By Ron Cowen
Martian soil could contain the building blocks of carbon-based life after all, a new study suggests, despite the negative results of an analysis performed by the Viking missions 34 years ago.
When the Viking landers touched down on Mars in 1976 and scooped up soil samples, scientists were surprised that the two craft failed to unearth evidence that the Red Planet contained any organic compounds. The apparent lack of organic molecules — a basic requirement for carbon-based organisms — helped to cement the notion of Mars as an entity that would not easily support life.
But a new study, which relies on soil samples from Earth, now suggests that the Viking craft may have found organic compounds from Mars but failed to recognize them. The finding represents a sea change in the way many scientists think about Mars and suggests a specific strategy for searching for vestiges of life on the planet, says study coauthor Rafael Navarro-González of the National Autonomous University of Mexico in Mexico City.
Navarro-González and his collaborators, including Chris McKay of NASA’s Ames Research Center in Moffett Field, Calif., describe their work in an upcoming Journal of Geophysical Research–Planets. They also reported the findings September 6 during a press briefing from the National Autonomous University.
The study was inspired by an analysis of soil samples conducted by the Mars Phoenix Lander, which arrived in the north polar region of Mars in May 2008 and operated for five months. Phoenix found that most of the chlorine at the landing site was in the form of perchlorate, rather than a chloride salt as had been assumed (SN: 4/11/2009, p. 12).
Perchlorate is an oxidizing agent that when heated, breaks down into highly reactive fragments that destroy organic compounds. These reactions take place at the same temperatures — 200° to 500° Celsius — to which Martian soil samples were heated by the Viking craft. The only organic compounds found by Viking, chloromethane and dichloromethane, were interpreted as contaminants from Earth, since they are common in cleaning fluid, solid rocket fuel, fireworks and other explosives.
But when Navarro-González and his colleagues added 1 percent by weight magnesium perchlorate to soil from the Atacama Desert in Chile, which is thought to closely resemble Martian soil and is known to contain organic compounds, they found an intriguing result. Heating the perchlorate-adulterated desert soil to temperatures comparable to those in the Viking experiments produced the same chlorinated organic compounds that were found by the landers in 1976 but dismissed as contaminants. Nearly all the organic compounds originally in the Chilean soil were destroyed during the heating.
Similarly, the team says, the soil at the two Viking sites likely contained plenty of organics that were destroyed upon heating and were turned into chlorinated methane compounds due to the presence of perchlorate.
“The bottom line of this work is that the Viking landers did detect organics on Mars, we just did not realize it,” McKay asserts. He and his colleagues estimate that the Martian soil contains a few parts per million of organics, comparable with the driest parts of the Atacama Desert.
But astrobiologist David Des Marais of NASA-Ames cautions that the study’s authors can’t be sure that the Chilean desert soil that they analyzed closely resembles the Martian soil. In addition, he notes, the inorganic compounds in the Chilean samples could alter the nature of the materials released during the heating process.

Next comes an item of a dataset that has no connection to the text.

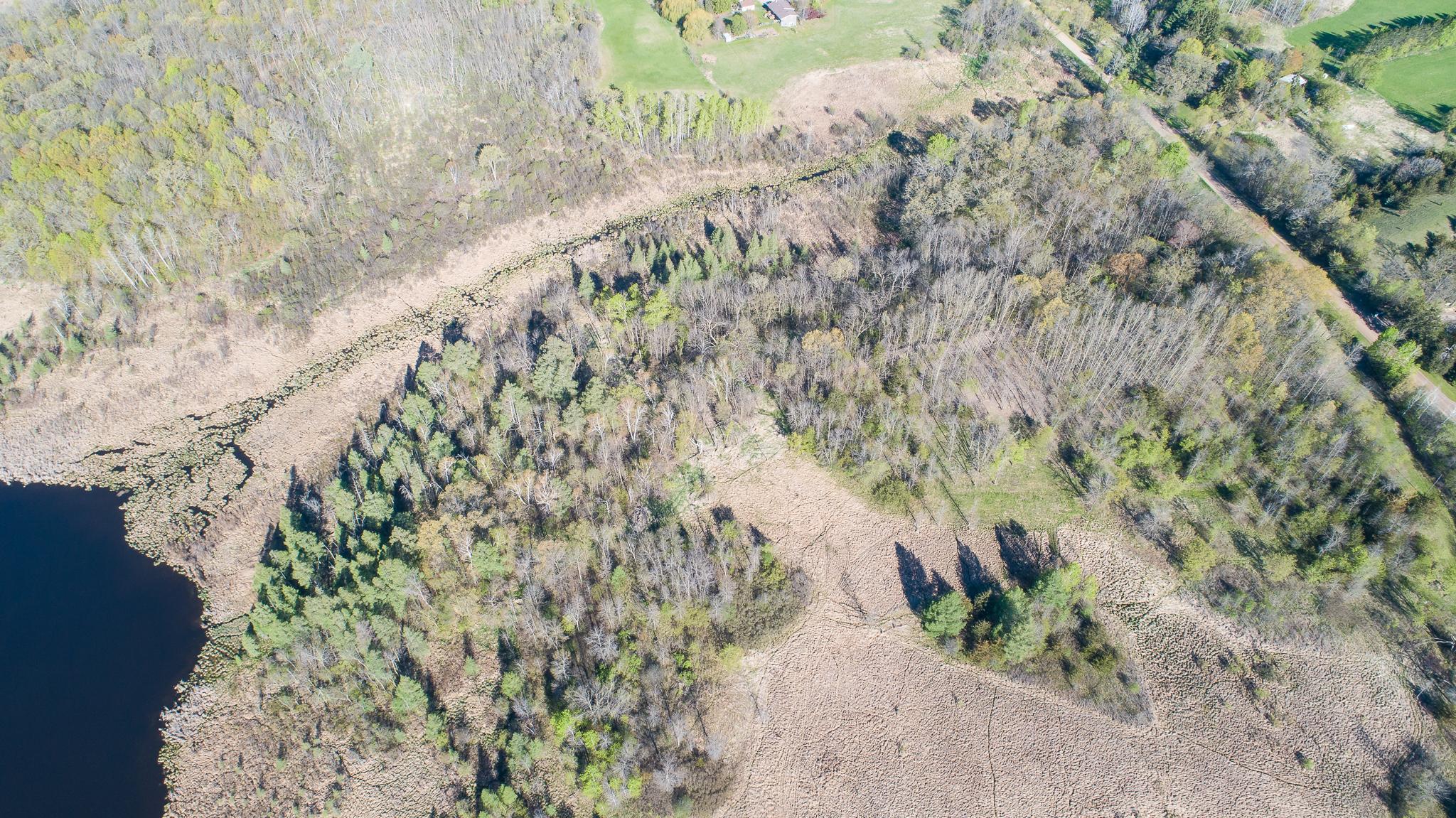 DJI_0269.jpg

The presence of organic compounds on Mars at concentrations of parts per million does not mean that the Red Planet, now cold and arid, is a gentler, kinder place for life, McKay says. Nor does it require that life exists or once flourished there, the researchers emphasize.
Meteorites could have delivered the compounds to the planet, rather than a biological source. However, the presence of organic compounds opens up a relatively easy way to search for life on Mars, the researchers say.
If Mars contained organic compounds at concentrations of only parts per billion or less, searching for such signs of life as DNA, complex proteins or energy-carrying adenosine triphosphate would be problematic. But if Mars contains organic compounds at the level of parts per million, “then searching within these organics for such biomarkers makes sense,” McKay says. Moreover, scientists are particularly adept at searching for these biomarkers, he adds.
For Des Marais, however, searching for Martian DNA “is out of the question” because the molecule is too fragile.
NASA’s Curiosity Rover, scheduled for launch in November 2011, has the ability to search for organic compounds by adding liquid to soil samples, which would not subject them to the high temperatures at which perchlorate destroys organic compounds, notes McKay.
“I’m very excited about the possibility that in a couple years, we will have a follow-up mission that will use the information that comes from this study to detect and confirm the organics on Mars,” he says.